▼
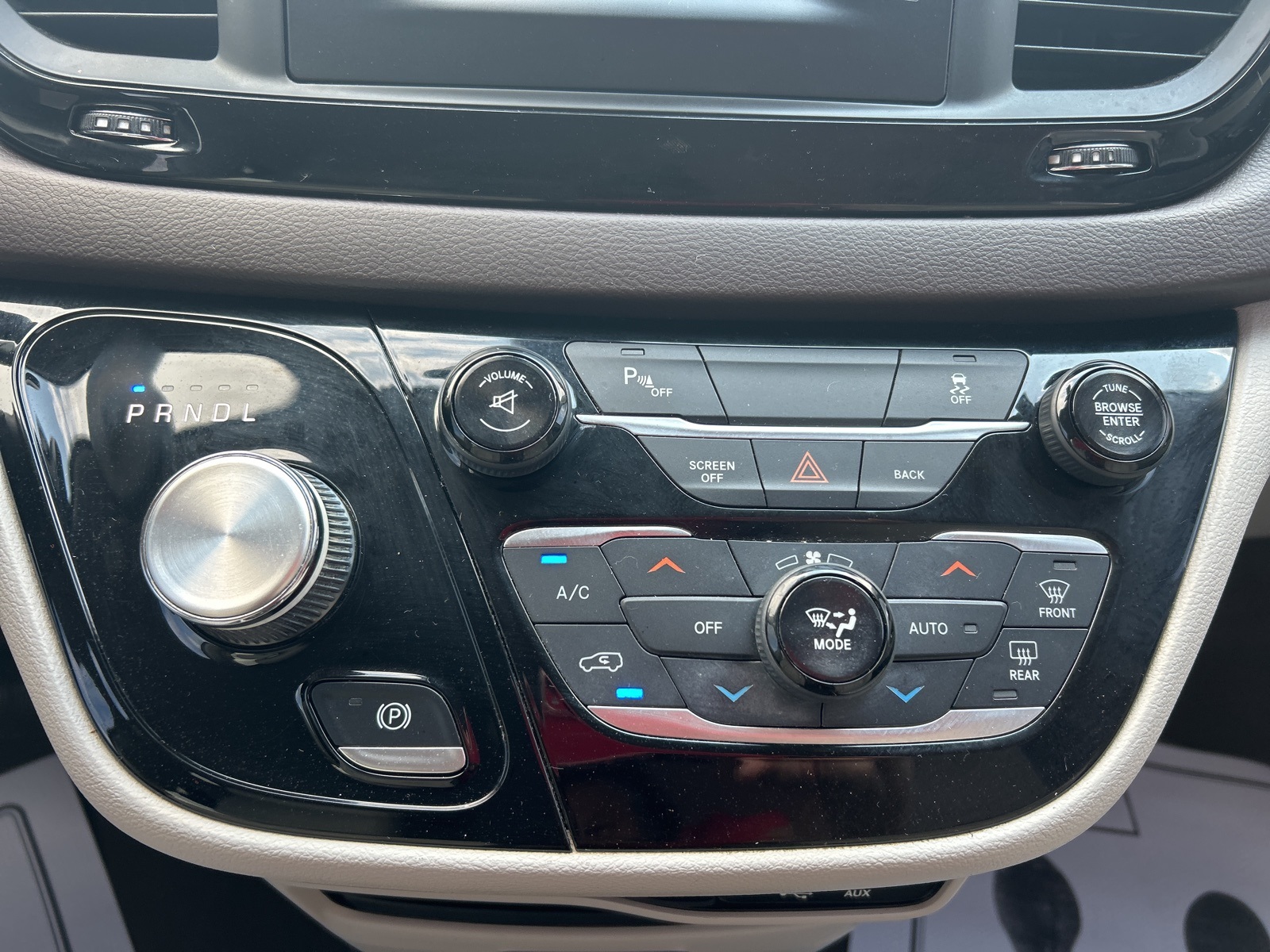 2017 Chrysler Pacifica Touring L photo 13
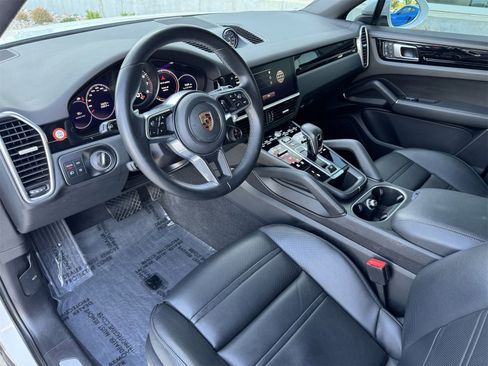 Certified 2022 Porsche Cayenne Coupe image 4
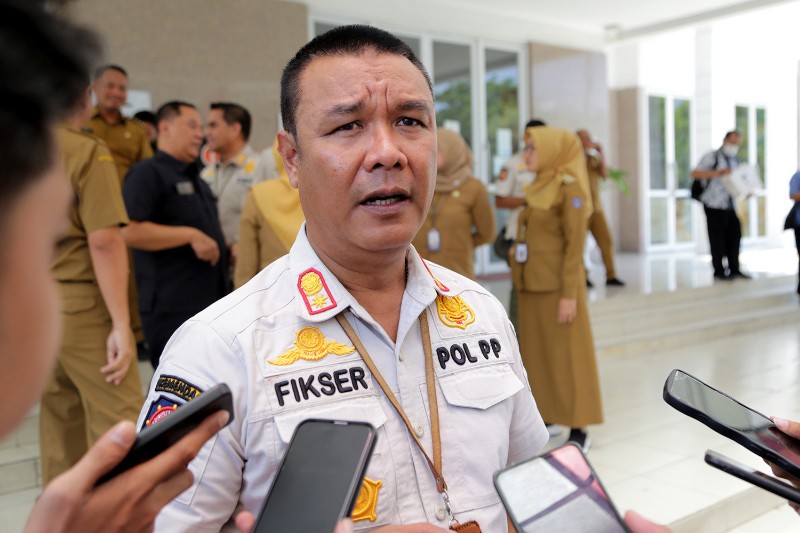 Masa Tenang, Satpol PP Kota Surabaya Tertibkan Alat Peraga Kampanye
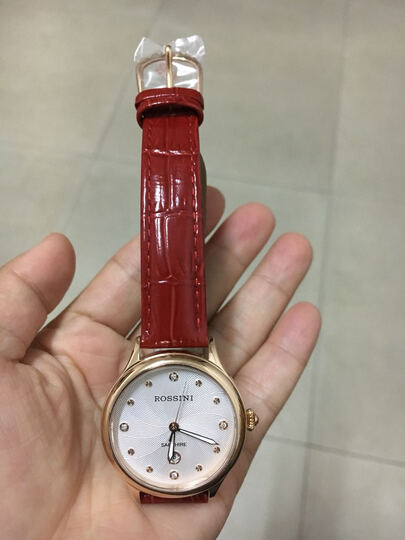 罗西尼女士石英手表:手表很好看,表盘简单大方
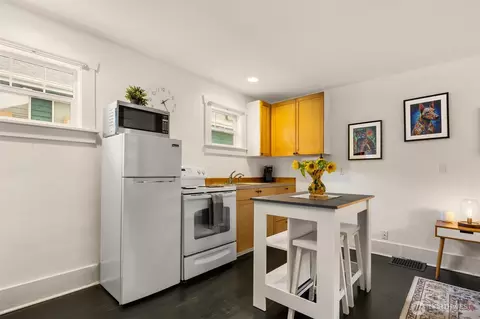 Kitchen - 325 23rd Ave E, Seattle, WA 98112 photo 5 of 5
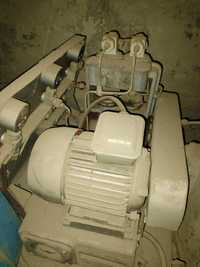 Компрессор высокого давления КД-4-250.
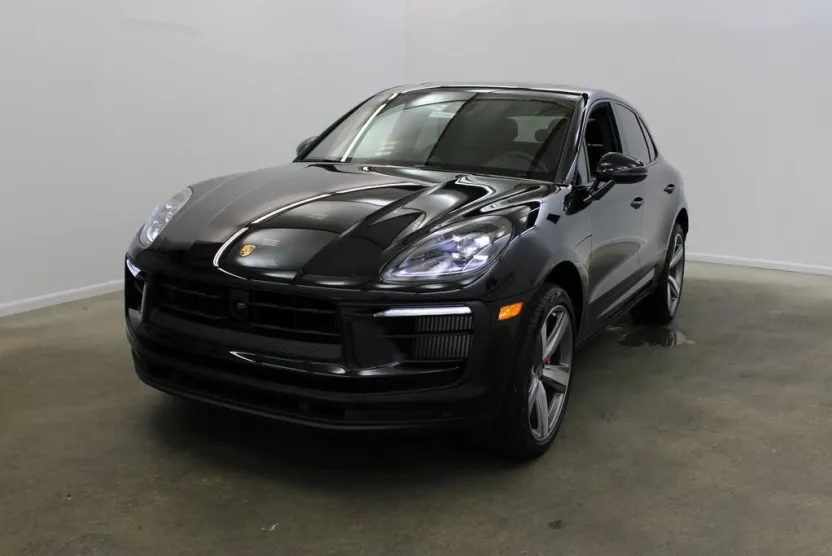 2025 Porsche Macan S photo 1
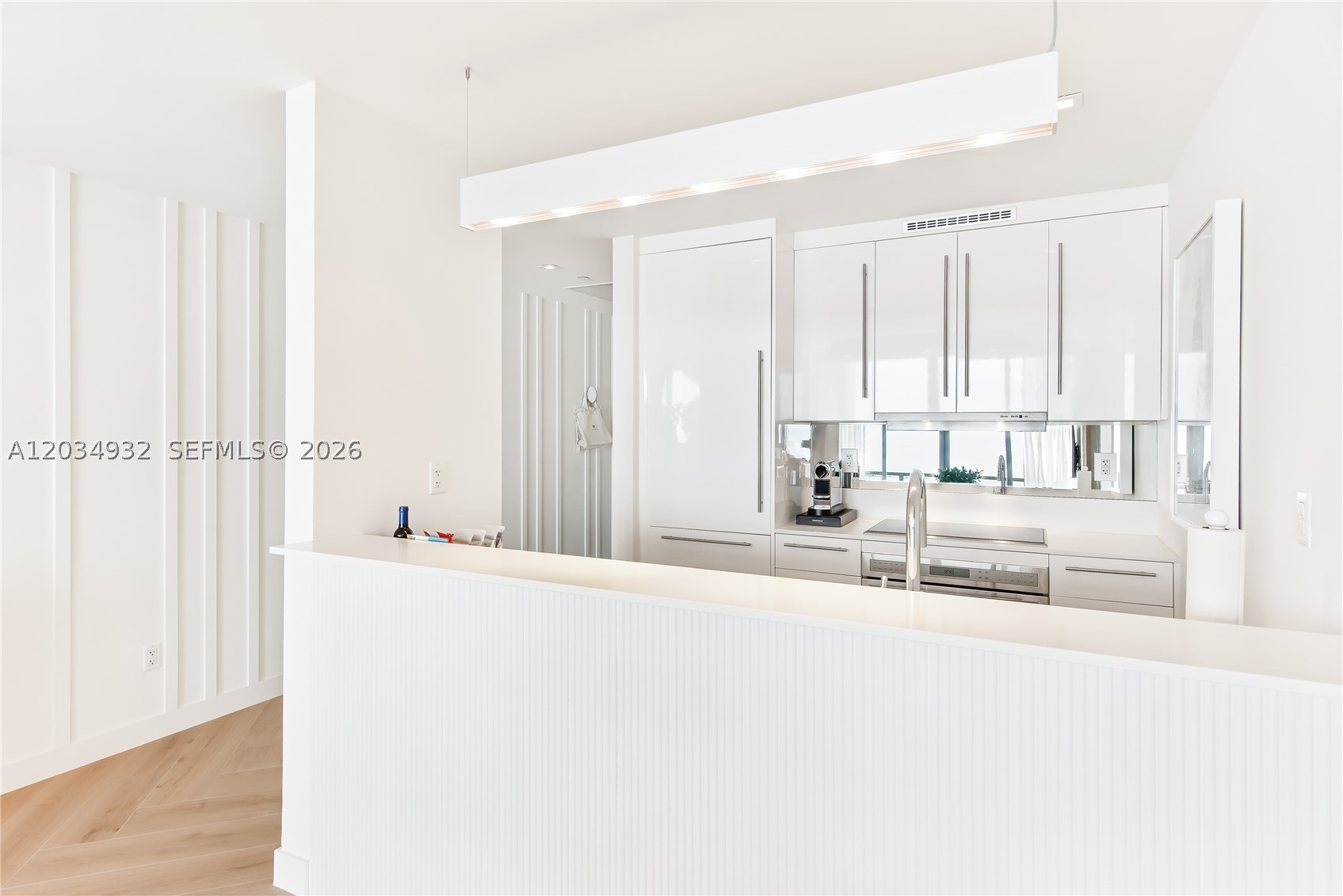 2201 Collins Ave #1019, Miami Beach FL 33139
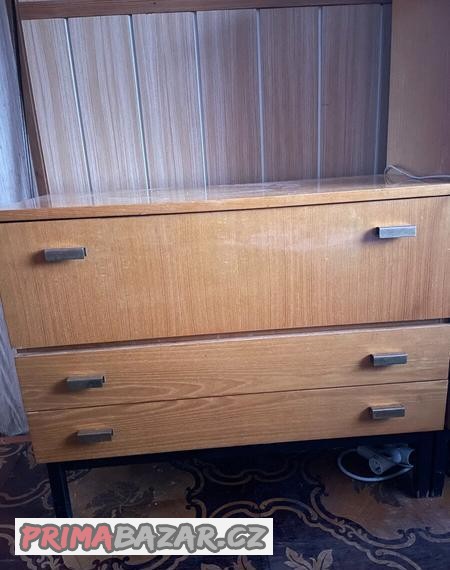 retro-nabytek-u-550-ze-70-let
▲
- [WHAT IS BEING ASKED] Drop the pictures, then write out only the lines running from the one containing "罗西尼女士石英手表:手表很好看,表盘简单大方" through the last line above, both included, exactly.

- [RESPONSE TO THIS EXERCISE]
 罗西尼女士石英手表:手表很好看,表盘简单大方
 Kitchen - 325 23rd Ave E, Seattle, WA 98112 photo 5 of 5
 Компрессор высокого давления КД-4-250.
 2025 Porsche Macan S photo 1
 2201 Collins Ave #1019, Miami Beach FL 33139
 retro-nabytek-u-550-ze-70-let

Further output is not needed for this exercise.